> [REQUIRED ACTION]: Beginning with the first entry, restate the data word for word and leave out the images.

··· SUPPLIED RECORDS

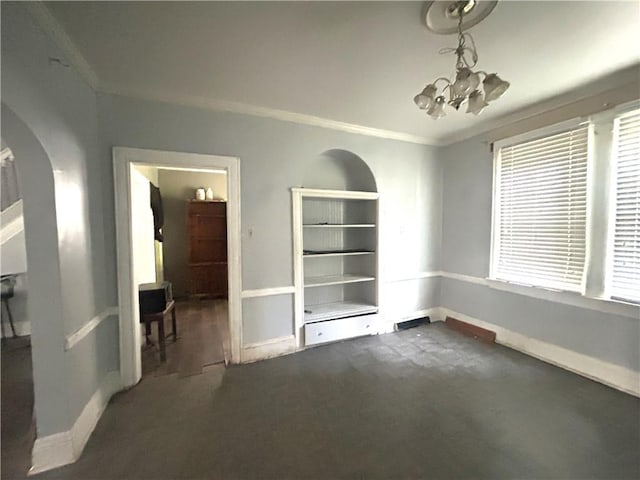 341 Harrison Ave, City Of Greensburg, PA 15601 - photo 4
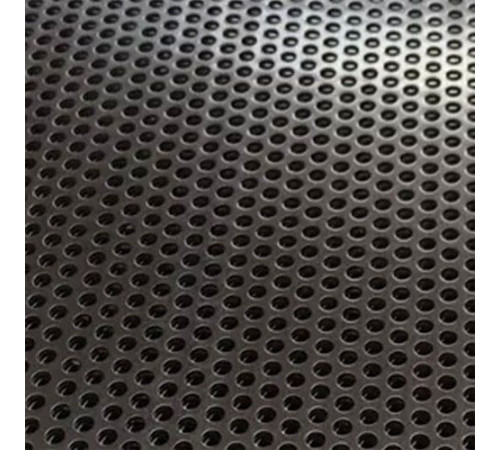 Перфорированные листы Rv 10x15 в Гомеле для юр. лиц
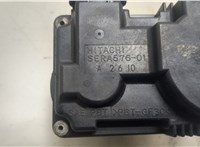  Заслонка дроссельная Nissan Primera P12 2002-2007 20446977 #6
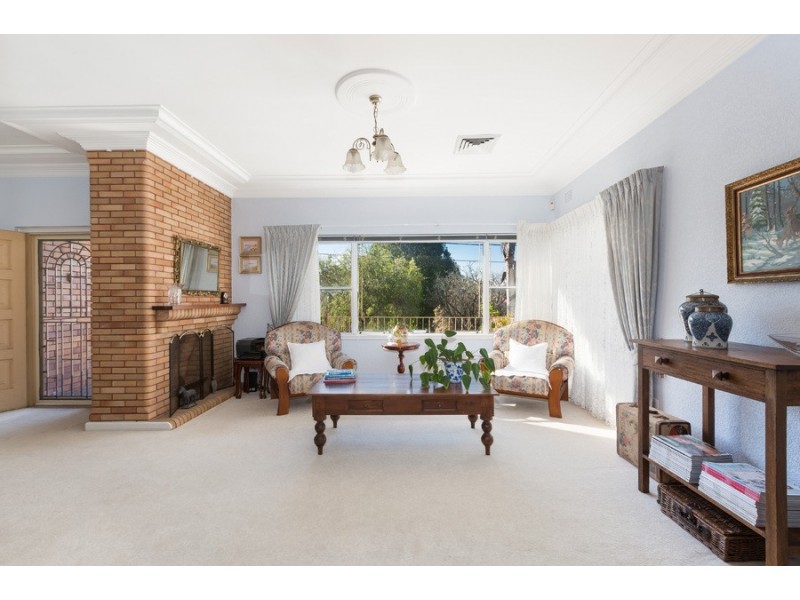 26 Trevellyan Street, Cronulla NSW 2230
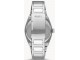 Ceas de mana Fossil Everett FS5821 (Silver/Black)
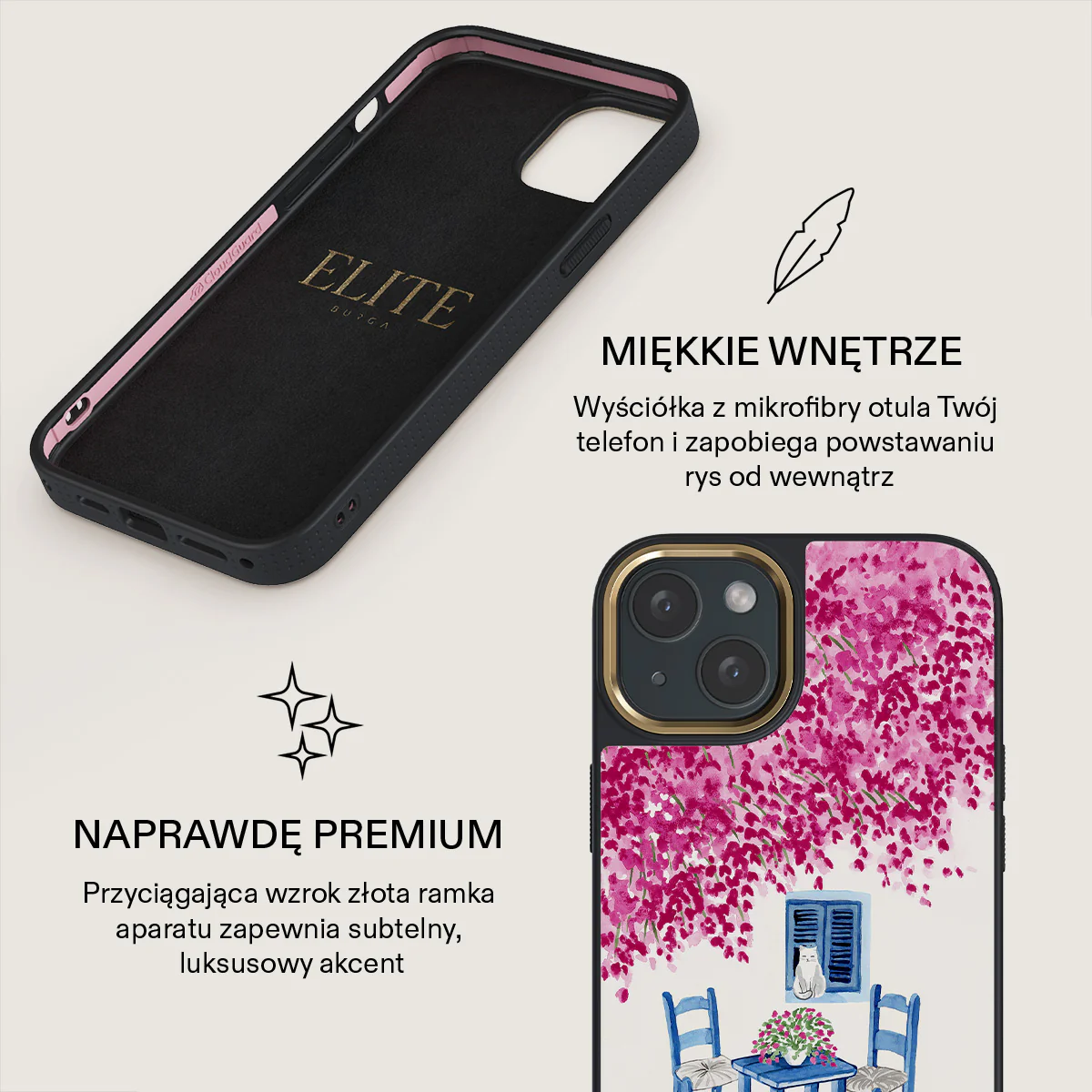 Zdjęcie produktu 10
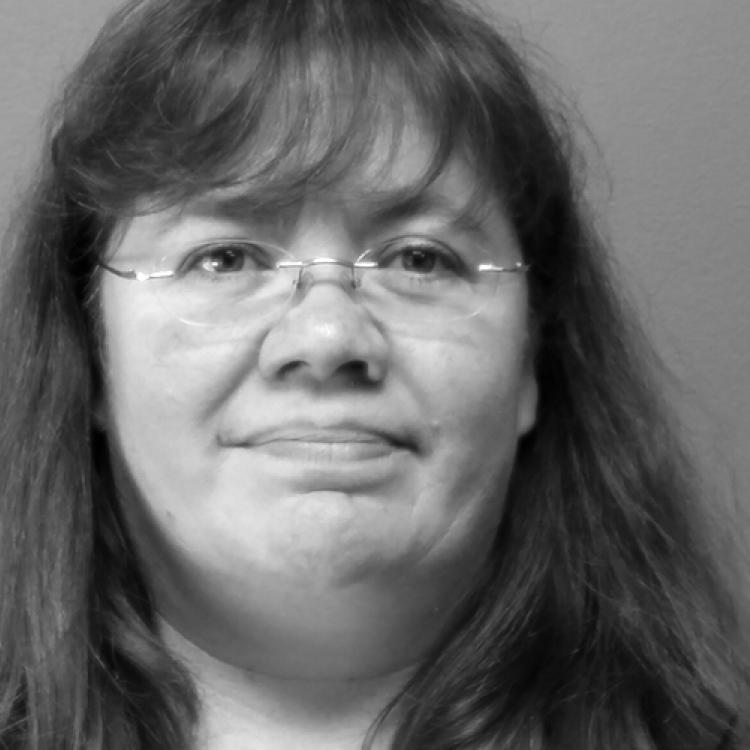 Susan Fischer Susan Fischer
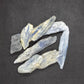 Kyanite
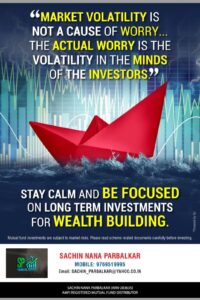 SP Financial Services (4)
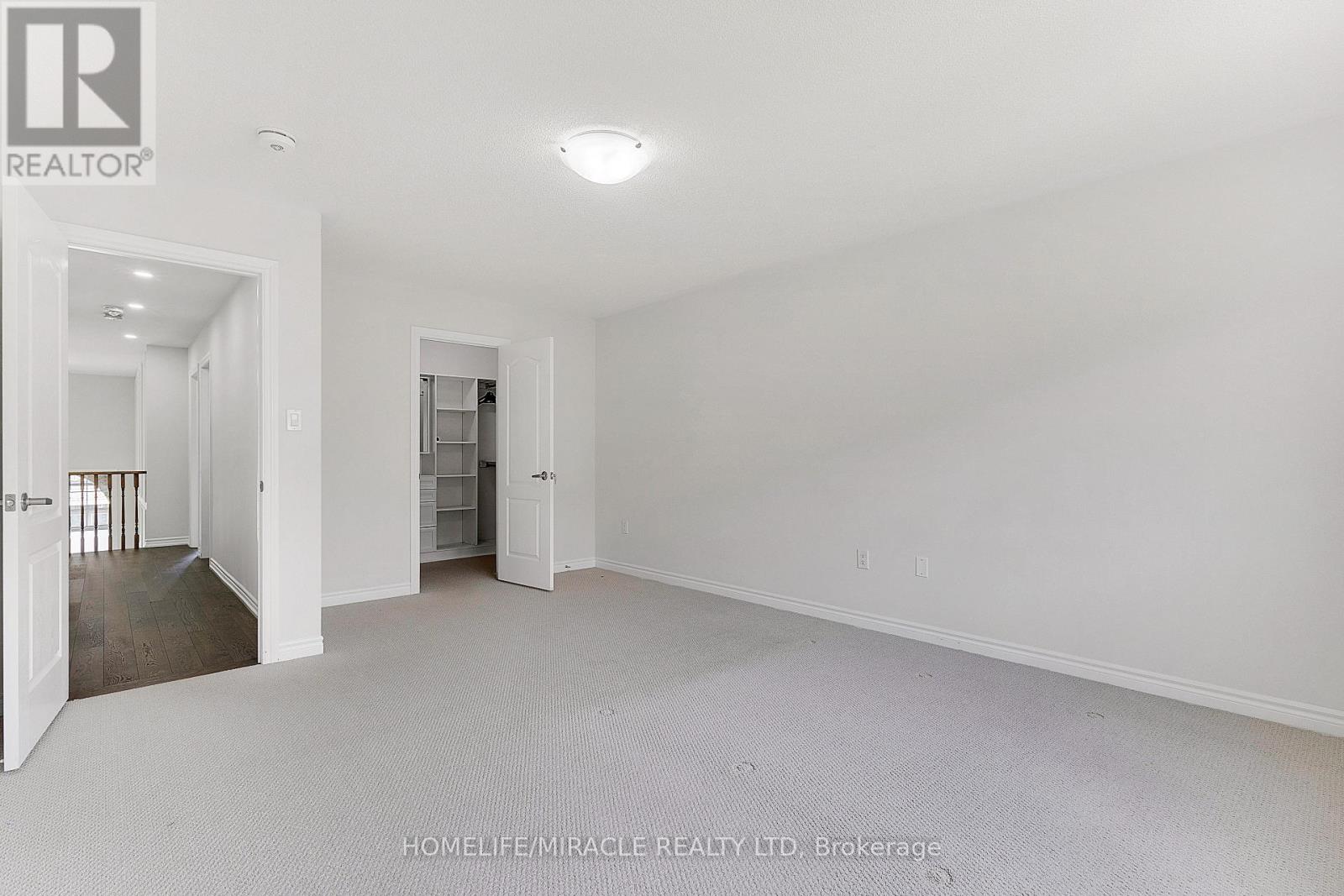 Upper - 106 Dolobram Trail, Brampton, Ontario  L7A 4Y4 - Photo 24 - W13769880
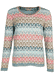 Strickpullover Josefine shade - sand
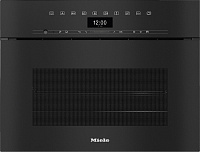 MIELE DGC 7440 X OBSW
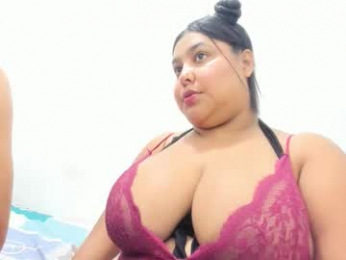 sexreal96_ webcam model stream image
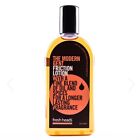 Fresh Heads The Modern Gent Friction Lotion Tonic - 100ml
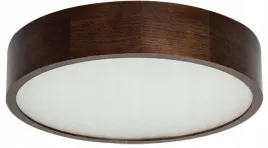 oprawa-jasmin-370-we-kanlux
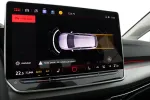 VOLKSWAGEN GOLF GPU-958 carousel thumbs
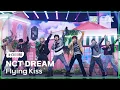Download Lagu [K-Choreo 8K] 엔시티 드림 'Flying Kiss' (NCT DREAM Choreography) @241122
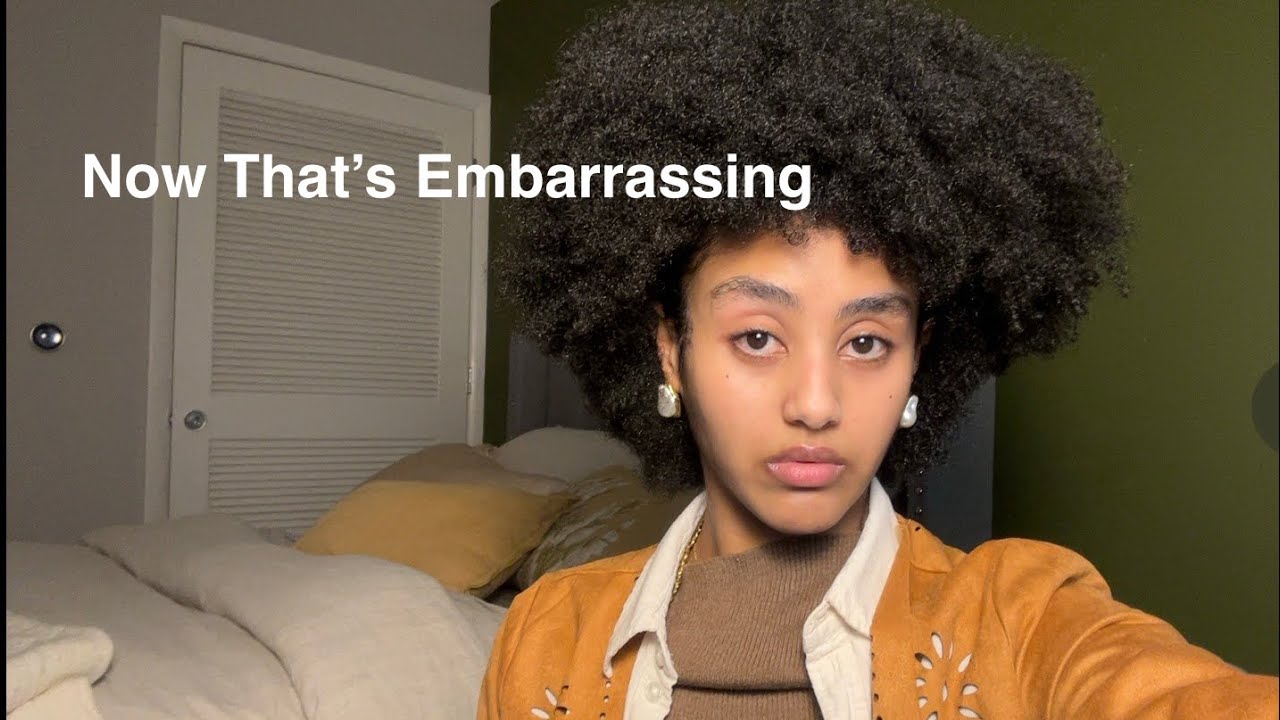 They faked a crush on you — everyone knows why. 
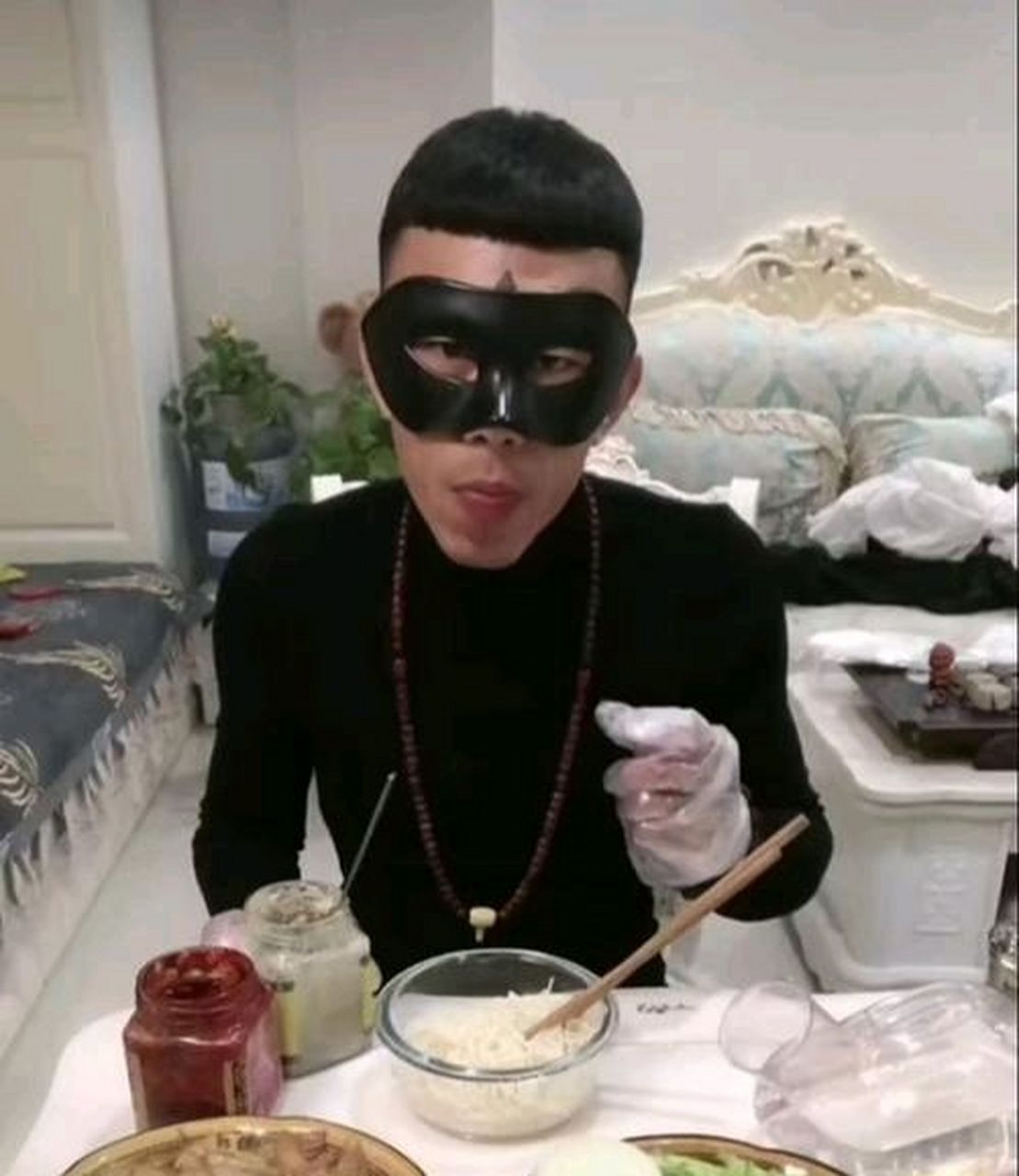 老八,冬泳怪鸽,giao哥的故事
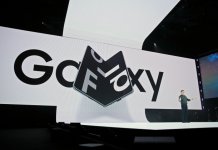 samsung-galaxy-fold-sign.jpg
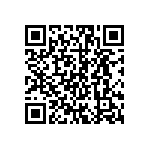 FTSH-121-01-L-DV-P QRCode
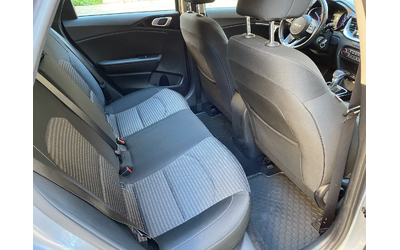 Kia Ceed 1.5 T-GDI/ Active Business/ DCT7 - автомобили, коли, обяви за нови и употребявани 11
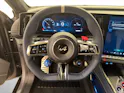 Alpine A390 GTS AWD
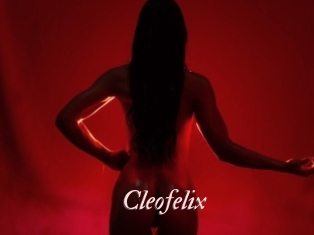 Cleofelix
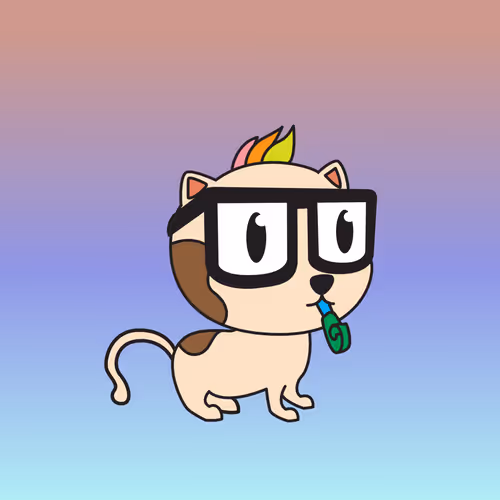 Ruggles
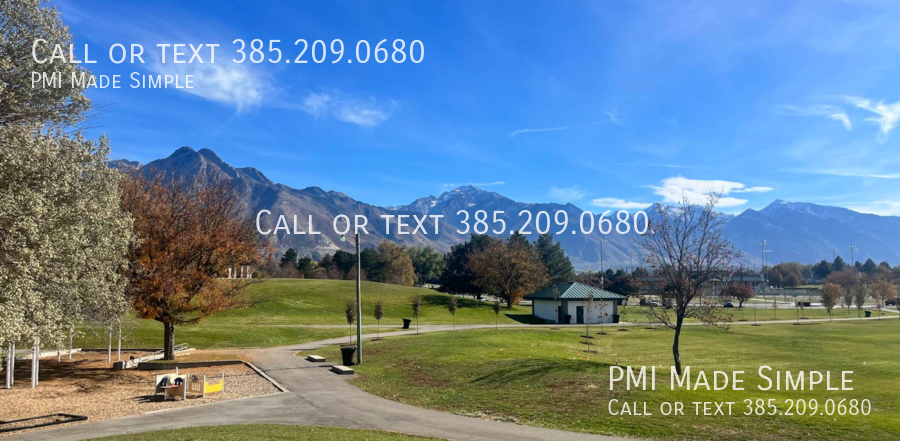 BEST Townhome with the Best Price in the area!| Dog Welcome ❄️ $500 off 1st Month property image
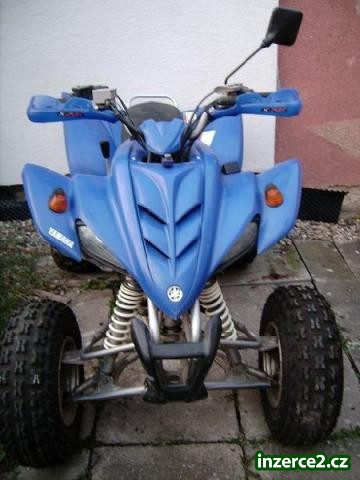 Raptor 350 Yamaha_1 294947_1.jpg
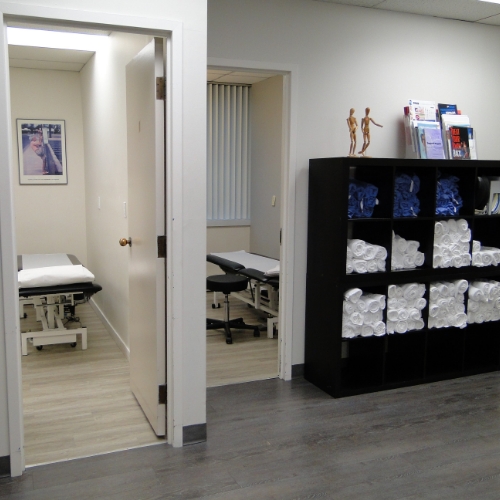 Location-gallery-bloor-jane-physiotherapy-toronto-on – 8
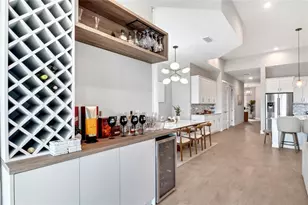 15947 Vetta Dr, Bella Collina, FL 34756 - Photo 13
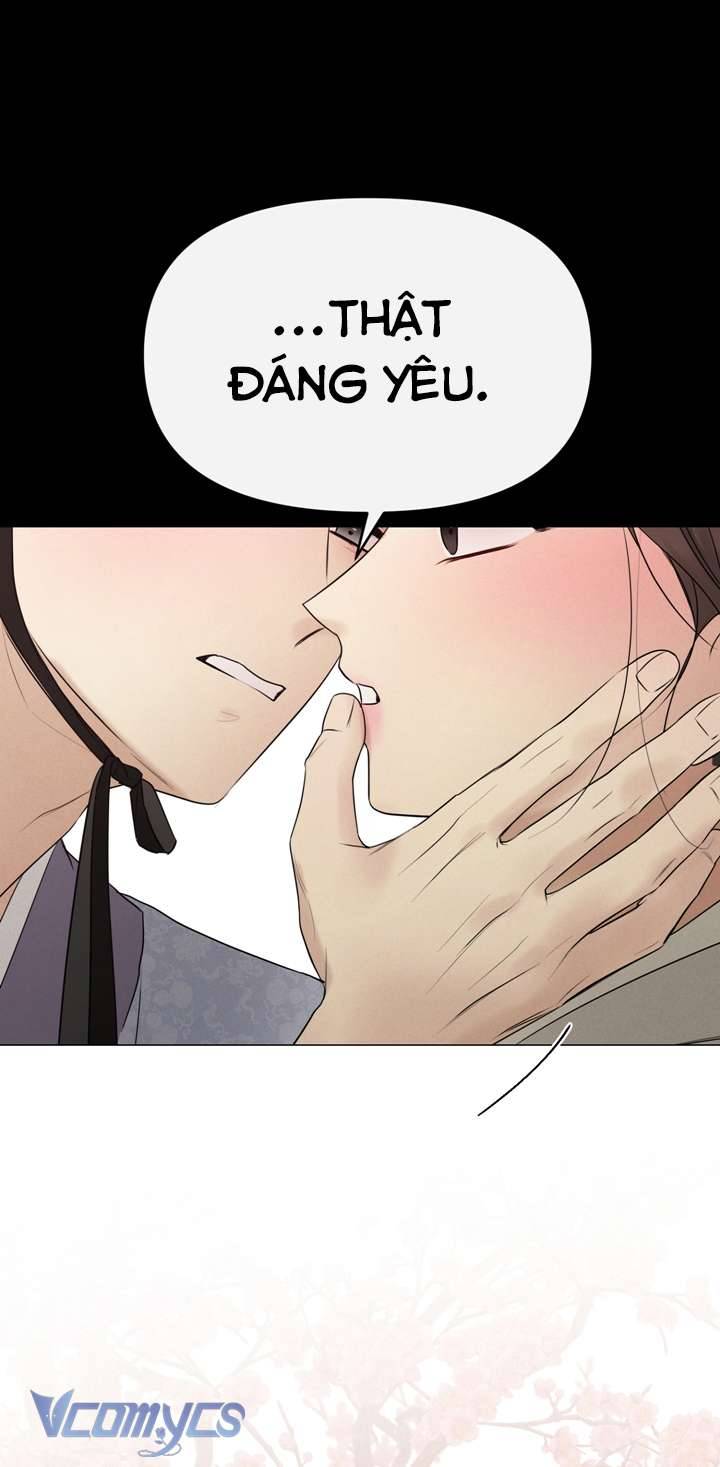 [18+] Tỳ Nữ Bỏ Trốn Chap 1 - Trang 2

······

> [FINISHED EXERCISE]:
 341 Harrison Ave, City Of Greensburg, PA 15601 - photo 4
 Перфорированные листы Rv 10x15 в Гомеле для юр. лиц
  Заслонка дроссельная Nissan Primera P12 2002-2007 20446977 #6
 26 Trevellyan Street, Cronulla NSW 2230
 Ceas de mana Fossil Everett FS5821 (Silver/Black)
 Zdjęcie produktu 10
 Susan Fischer Susan Fischer
 Kyanite
 SP Financial Services (4)
 Upper - 106 Dolobram Trail, Brampton, Ontario  L7A 4Y4 - Photo 24 - W13769880
 Strickpullover Josefine shade - sand
 MIELE DGC 7440 X OBSW
 sexreal96_ webcam model stream image
 Fresh Heads The Modern Gent Friction Lotion Tonic - 100ml
 oprawa-jasmin-370-we-kanlux
 VOLKSWAGEN GOLF GPU-958 carousel thumbs
Download Lagu [K-Choreo 8K] 엔시티 드림 'Flying Kiss' (NCT DREAM Choreography) @241122
 They faked a crush on you — everyone knows why. 
 老八,冬泳怪鸽,giao哥的故事
 samsung-galaxy-fold-sign.jpg
 FTSH-121-01-L-DV-P QRCode
 Kia Ceed 1.5 T-GDI/ Active Business/ DCT7 - автомобили, коли, обяви за нови и употребявани 11
 Alpine A390 GTS AWD
 Cleofelix
 Ruggles
 BEST Townhome with the Best Price in the area!| Dog Welcome ❄️ $500 off 1st Month property image
 Raptor 350 Yamaha_1 294947_1.jpg
 Location-gallery-bloor-jane-physiotherapy-toronto-on – 8
 15947 Vetta Dr, Bella Collina, FL 34756 - Photo 13
 [18+] Tỳ Nữ Bỏ Trốn Chap 1 - Trang 2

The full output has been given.